O Formidável (Le redoubtable), dirigido por Michel Hazanavicius, é baseado no livro "Um Ano Depois" escrito pela atriz Anne Wiazemsky que relata sua relação com Godard, com quem foi casada por alguns poucos anos (após o fim do relacionamento do diretor com Anna Karina). O auge do romance ocorre durante o período das filmagens de A Chinesa, em 1967, às vésperas dos movimentos de Maio de 68. No papel de Godard está o ator Louis Garrel (num desempenho excepcional) conhecido por interpretar um dos jovens do trio central de Os Sonhadores, de Bernardo Bertolucci.

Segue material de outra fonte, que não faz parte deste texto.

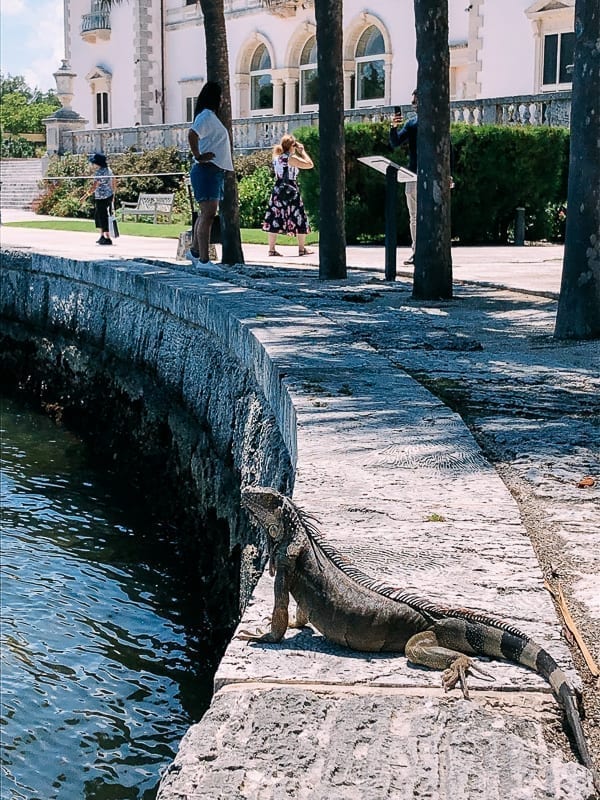 Iguana at Vizcaya, jcghk.dfhdjkvfj.cf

O retrato de Godard apresentado na obra de Anne
Wiazemsky, e por consequência no filme de Hazanavicius,
não é exatamente lisonjeiro, pelo contrário, revela uma pessoa extremamente
complexa, cuja convivência na intimidade estava longe de ser das mais agradáveis.

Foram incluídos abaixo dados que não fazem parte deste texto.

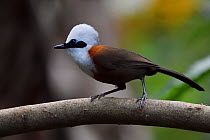 White-crested laughing thrush (Garrulax leucolophus) bird perched on branch, Tongbiguan Nature Reserve, Dehong Prefecture, Yunnan Province, China, April.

Polemista por excelência, o realizador francês não deixava barato nenhuma
discussão e comprava todas as brigas que estivessem ao seu alcance. Apontar
incoerências dos adversários – e da sociedade francesa em geral – era seu
esporte favorito. Enfim, um ranzinza de carteirinha em tempo integral, a 24
quadros por segundo.
Toda uma iconografia clássica de símbolos,
características dos filmes de Godard, estão presentes em O Formidável. Lá estão os reconhecidos créditos em letras vermelhas
e azuis, uma profusão de imagens de cartazes, placas e painéis de rua, e a referência
constante aos livros, especialmente aos populares policiais pulp. Além destas citações gráficas, que
remetem ao imaginário fílmico de Godard, o filme de Michel Hazanavicius por vezes emula também o clima de
alguns dos mais significativos trabalhos do diretor, como A Chinesa (por óbvio, pois retrata alguns bastidores da produção), O Demônio das
Onze Horas (Pierrot le fou), Week-end à Francesa, Made in U.S.A. e especialmente a
obra-prima O Desprezo, narrativa com
a qual espelha uma similaridade direta por narrar também a relação turbulenta de
um artista intelectual com uma estrela do cinema em ascensão, em meio a um permanente
embate entre a arte, a política e o capital.
O
Formidável oferece, com a devida excusa
pelo trocadilho, um formidável painel de uma época de intensa agitação política
e cultural, cujo ápice foram as manifestações e passeatas do movimento de Maio
de 68 nas ruas de Paris. Este episódio também foi rememorado em 2003 no já
citado Os Sonhadores, de Bertolucci,
realizador que também aparece em O
Formidável na recriação de um episódio polêmico onde Godard ofende e
desacata o diretor italiano, fato que resultou num rompimento dos dois.
Vencedor do Oscar de Filme e Diretor de 2012 com O Artista, Michel
Hazanavicius faz em O Formidável
um trabalho ainda mais inspirado e coerente, e, em muitos aspectos, superior ao
trabalho oscarizado. Não cai na tentação de referenciar em demasia a figura
mítica do seu conterrâneo, colega de profissão. Ao contrário, não se recusa a
expor todas as fragilidades e contradições de Jean-Luc Godard, cuja
personalidade egocêntrica transita da arrogância ao bom humor, do ativista radical
ao bom burguês num piscar de olhos. A tarefa arriscada e perigosa de retratar
uma personalidade pública ainda viva é, antes de tudo, uma ousadia, mas Hazanavicius sai ileso desta missão ingrata e realiza um filme que se assiste com imenso prazer. Para um cinéfilo o prazer é ainda maior.
O título do filme é uma referência
ao primeiro submarino nuclear francês, lançado no mesmo período em que se passam
os fatos narrados, que recebeu da imprensa local o apelido de “O Formidável”.